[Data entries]
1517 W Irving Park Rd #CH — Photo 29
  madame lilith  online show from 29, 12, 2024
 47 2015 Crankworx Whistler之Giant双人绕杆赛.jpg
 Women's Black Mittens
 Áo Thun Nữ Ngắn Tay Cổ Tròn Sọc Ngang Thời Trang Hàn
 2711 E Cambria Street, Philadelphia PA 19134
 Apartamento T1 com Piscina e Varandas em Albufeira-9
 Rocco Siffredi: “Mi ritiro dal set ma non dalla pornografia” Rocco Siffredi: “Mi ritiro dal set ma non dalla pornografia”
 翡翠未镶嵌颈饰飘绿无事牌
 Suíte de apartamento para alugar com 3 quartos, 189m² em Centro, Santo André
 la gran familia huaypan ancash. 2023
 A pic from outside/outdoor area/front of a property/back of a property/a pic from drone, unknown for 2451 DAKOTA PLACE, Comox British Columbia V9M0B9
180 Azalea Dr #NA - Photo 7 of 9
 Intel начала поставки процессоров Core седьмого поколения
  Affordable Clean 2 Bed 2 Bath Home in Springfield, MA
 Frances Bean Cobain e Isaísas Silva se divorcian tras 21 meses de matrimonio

= ABOUT THIS TASK =
Each line of the entries above that includes "Photo" counts once; state how many such lines there are, with the number as the only answer.

= RESPONSE AREA =
2